Artificial intelligent assistant

phenogenetics

phenogenetics, n. pl. (const. as sing.) Biol.
  (ˌfiːnəʊdʒəˈnɛtɪks)
  [ad. G. phänogenetik (V. Haecker Entwicklungsgeschichtliche Eigenschaftsanalyse (1918) i. 4): see phen-, pheno-, genetic a., and -ic 2. Cf. next.
  Haecker previously called it phänogenese (Zeitschr. f. induktive Abstammungs- und Vererbungslehre (1915) XIV. 260).]
  (See quots.)

1938 R. Goldschmidt Physiol. Genetics ii. 23 It becomes imperative to know the details of development that distinguish the mutant types from the wild type.

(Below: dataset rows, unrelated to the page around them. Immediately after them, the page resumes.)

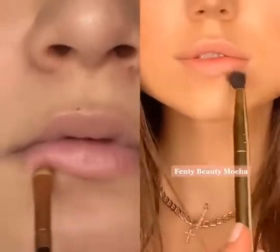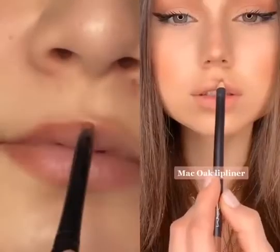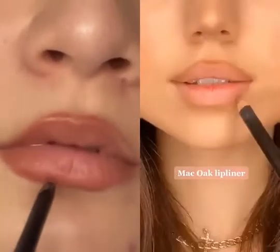Then I use a contour stick to create a shade around my lips which will make them appear fuller. I start by slightly overlining my cupid's bow, but going down to the outer corner I try to stay close to my lip line.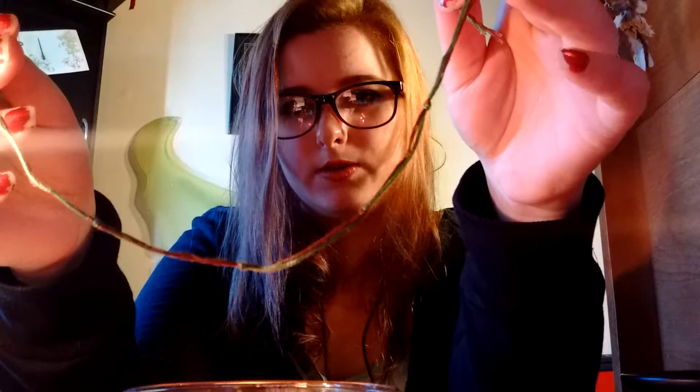Ta-da! And you tie little knots in it — let me see if it would focus. There you go, you can see them. That's basically it. And then you have this, and you can wear it, or you can hang it. I actually have a little green cord for growth hanging on my window on the other side where my bed is, and I have another one to put up to hang.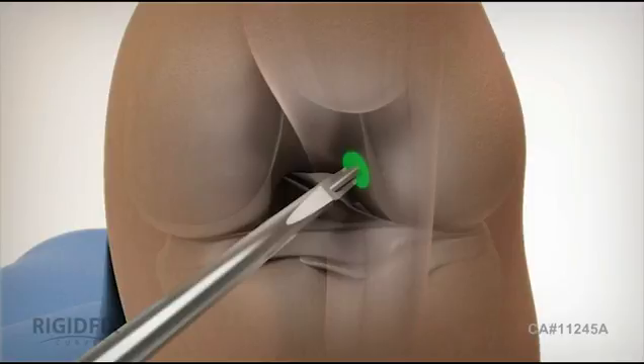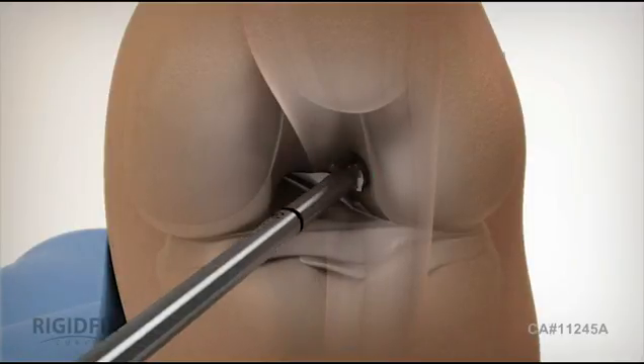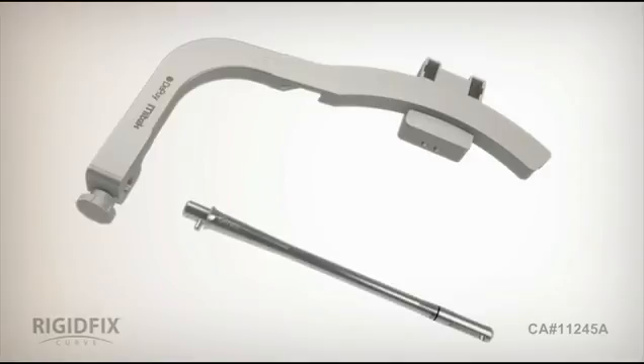Select the reamer size to match the graft diameter and ream the femoral tunnel to a depth of 30 millimeters. Select the femoral rod size to match the femoral tunnel diameter and attach it to the rigid fix curved frame. Here, the left knee configuration is shown.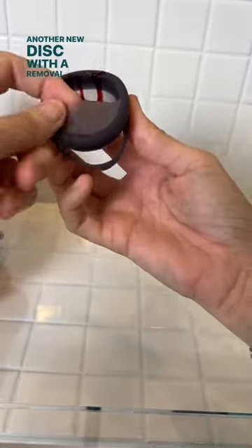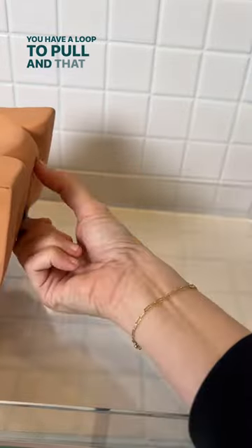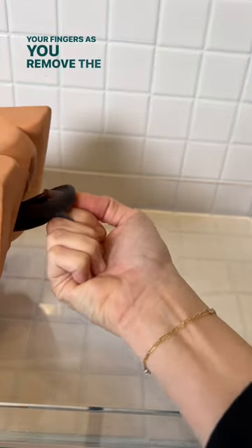Another new disc with a removal aid and a leak-proof shield is the DivaDisc. You have a loop to pull, and that barrier can also protect your fingers as you remove the disc.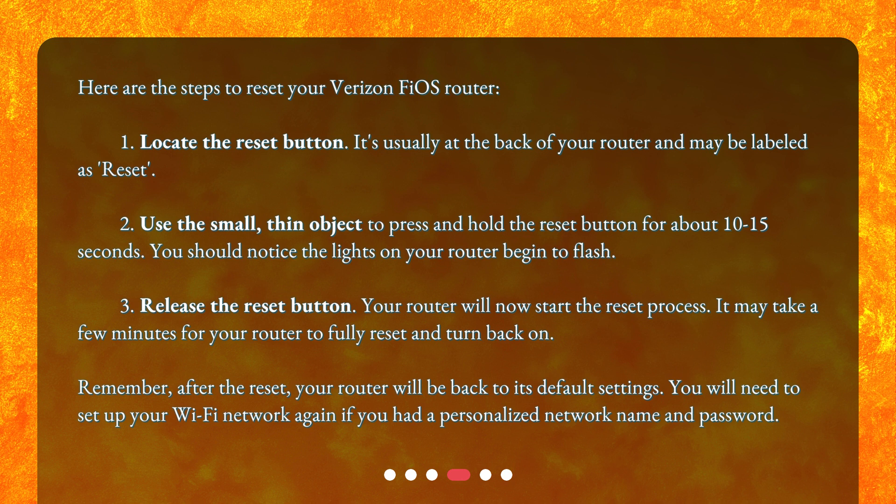Step 3: Release the reset button. Your router will now start the reset process. It may take a few minutes for your router to fully reset and turn back on. Remember, after the reset, your router will be back to its default settings. You will need to set up your Wi-Fi network again if you had a personalized network name and password.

Studies of this type have been called..phenogenetics, a term that is not necessary but is sometimes useful. 1962 I. H. Herskowitz Genetics xxx. 262/2 How does the mutant change normal development to produce the new morphological result? The answer to the latter question deals with learning how phenotypes (of any type) come into being via gene action, and is the subject of phenogenetics, a study which is of broader scope than developmental genetics. Ibid. 269 Phenogenetics starts out as a study of the developmental genetics of morphology.